→ EXERCISE REQUIREMENTS: Starting at the first line of the material below and stopping after the line that includes "Christian Dior Vintage", write the lines out again exactly. Drop any pictures.

→ RECORDS FOR PROCESSING:
_____
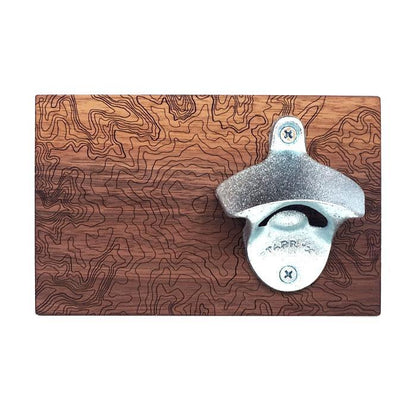 Bottle Opener - Dark Walnut Wood - Mt Rainier Topography by SML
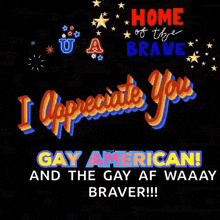 a poster that says i appreciate you gay american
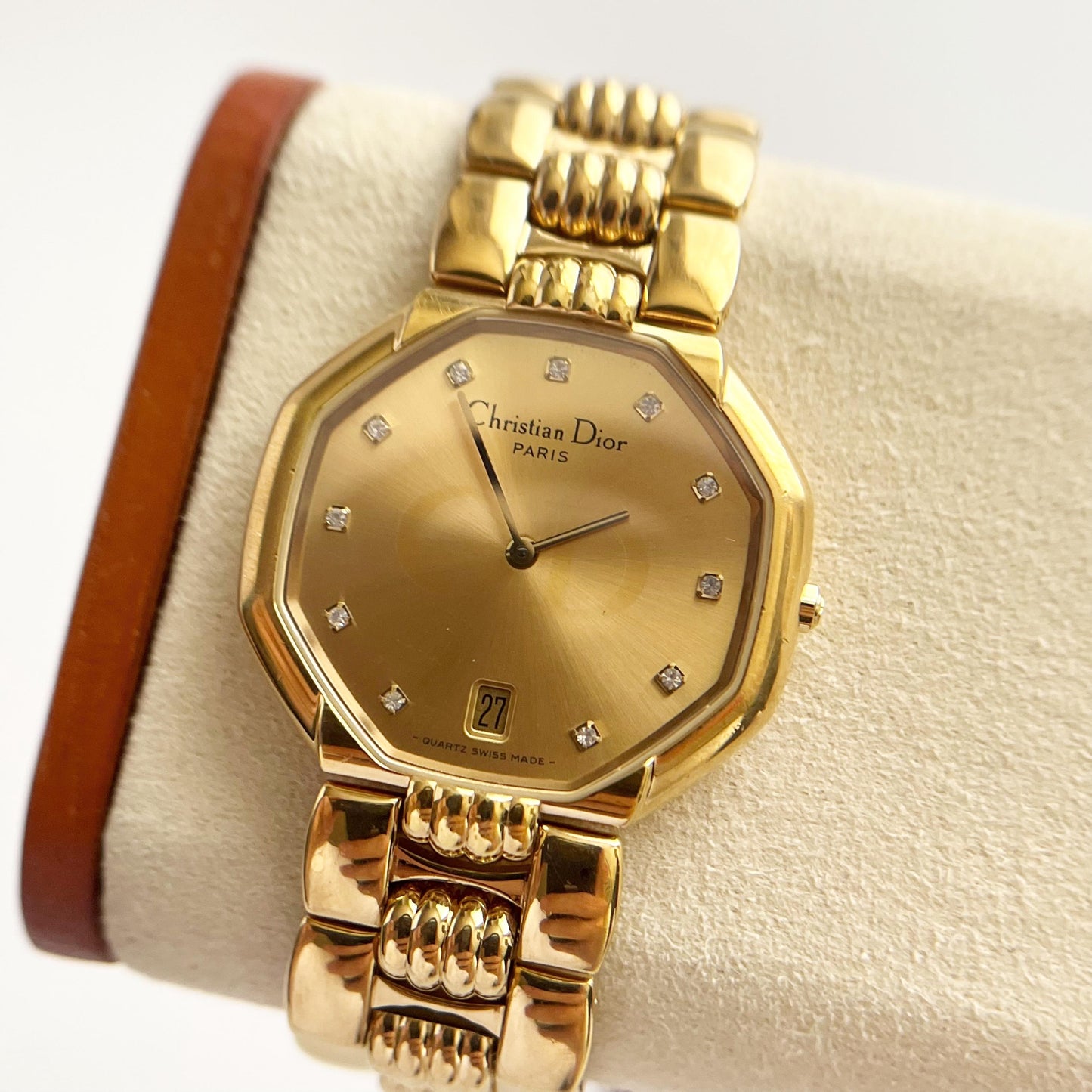 Christian Dior Vintage Womens Gold Watch, 12 stones Dial Watch, Gift for Her - 19cm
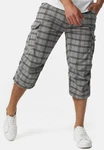 Indicode Herren Nicolas Check 3/4 Cargo Shorts Hellgrau/Dunkelgrau/Grau/Schwarz/Gelb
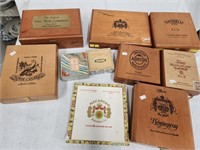 8 cigar boxes and 2 Japanesecardboard boxes.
_____
→ EXERCISE ANSWER:
 Bottle Opener - Dark Walnut Wood - Mt Rainier Topography by SML
 a poster that says i appreciate you gay american
 Christian Dior Vintage Womens Gold Watch, 12 stones Dial Watch, Gift for Her - 19cm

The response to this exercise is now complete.